Your tank looks great! It looks like you have come a long way from your fist pics. You ought to get about 3 or 4 more hatchets for company. One thing I would watch for, with your female betta is her eating your shrimp. When I used to keep one in my 55, it would eat the ghost shrimp I put in there. I love your horseface loach! Someday I would like to have 10 or so of them in a tank.


----------



## organic sideburns (Dec 22, 2005)

i almost overstocked right now with the new 3 fish i added. thanks for the warning on the betta eating shrimp. ive got a dozen or more ghost shrimp in my tank and the betta never showed any interest in them.


----------



## organic sideburns (Dec 22, 2005)

haha well i tweaked my scape a good bit last night. i went in thinking im just going to do a 40% water change and maybe move some ferns around. i ended up spending about 2.5 hours. i took out all my narrow leave ferns and all my java ferns. there was a peice of driftwood under the mass of ferns so i took that out and its seeding my 12 gallon to help it cycle. neways, i took a picture of all the ferns layed out. ill post those pics tonight. so after all the ferns were taken out, i rearranged the manzanita branches and i like this layout sooo much better. after i placed the branches how i wanted, i added the narrow leave ferns. it was much easier to scape when the wood is already in place. i really like how the narrow ferns look now. they are closer together and all the same height and just look cleaner which is wat i was going for! i then added the java ferns back into the tank. i gathered 4 of my tallest ferns and added them at the back of the tank, next to the narrow ferns. it adds great contrast. the other ferns i just placed in lil areas where i cud fit them. all in all it looks even better and i will post pics tonight.

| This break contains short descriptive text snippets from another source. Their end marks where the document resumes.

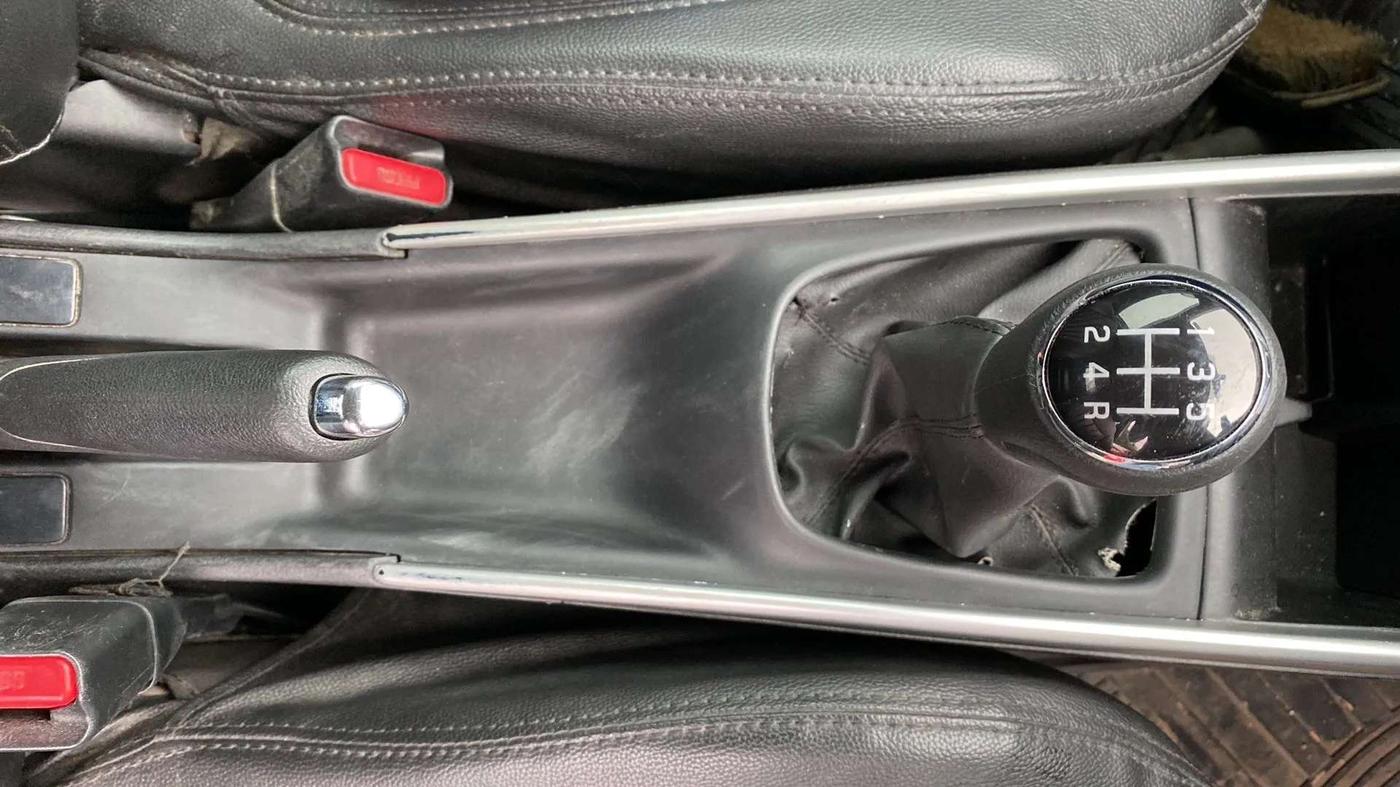 2017 Maruti Baleno ALPHA PETROL 1.2, Petrol, Manual, 31,759 km, Gear Lever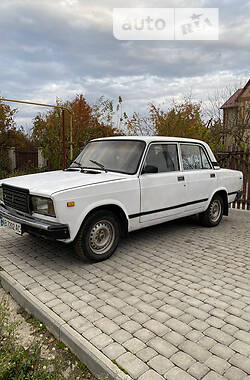 Седан ВАЗ 2107 1995 в Виннице
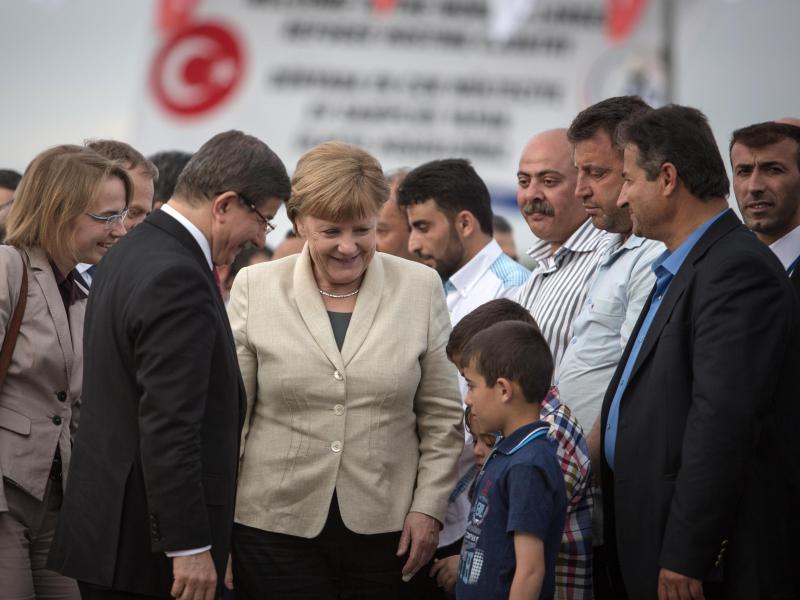 Viel Symbolpolitik bei Türkei-Reise: Merkel zu Besuch in Flüchtlingslager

on a side note, the power went on and off real quick 2 days ago and i think it broke my filter somehow. i tried emptying the filter, checking everything is secured etc, refilling it, and turning it on and i can hear the motor but it doesnt suck up any water. also, when i did the 40% water change i added new water almost to the brim of the tank and this morning my mom found my lone african clawed frog in the next guest room across the hallway. i scooped him up and hes in a bucket cuz i have been wanting to return him for weeks but cud never catch him. very happy that he jumped out! i have pics of this incident as well.

i will post all these pics plus a FTS tonight.


----------



## honor (Apr 8, 2008)

sweet fan


----------



## organic sideburns (Dec 22, 2005)

honor said:


> sweet fan


nah it sucks


----------



## honor (Apr 8, 2008)

lol bummer.


----------



## demonbreedr16 (Jan 10, 2008)

organic sideburns said:


> haha well i tweaked my scape a good bit last night. i went in thinking im just going to do a 40% water change and maybe move some ferns around. i ended up spending about 2.5 hours. i took out all my narrow leave ferns and all my java ferns. there was a peice of driftwood under the mass of ferns so i took that out and its seeding my 12 gallon to help it cycle. neways, i took a picture of all the ferns layed out. ill post those pics tonight. so after all the ferns were taken out, i rearranged the manzanita branches and i like this layout sooo much better. after i placed the branches how i wanted, i added the narrow leave ferns. it was much easier to scape when the wood is already in place. i really like how the narrow ferns look now. they are closer together and all the same height and just look cleaner which is wat i was going for! i then added the java ferns back into the tank. i gathered 4 of my tallest ferns and added them at the back of the tank, next to the narrow ferns. it adds great contrast. the other ferns i just placed in lil areas where i cud fit them. all in all it looks even better and i will post pics tonight.
> 
> on a side note, the power went on and off real quick 2 days ago and i think it broke my filter somehow. i tried emptying the filter, checking everything is secured etc, refilling it, and turning it on and i can hear the motor but it doesnt suck up any water. also, when i did the 40% water change i added new water almost to the brim of the tank and this morning my mom found my lone african clawed frog in the next guest room across the hallway. i scooped him up and hes in a bucket cuz i have been wanting to return him for weeks but cud never catch him. very happy that he jumped out! i have pics of this incident as well.
> 
> i will post all these pics plus a FTS tonight.


 
1) Check your filter's impeller and clean that of ANY debries. One time, my 29's filter just DIED; and I cleaned it really well; and it worked like when I first bought the 29!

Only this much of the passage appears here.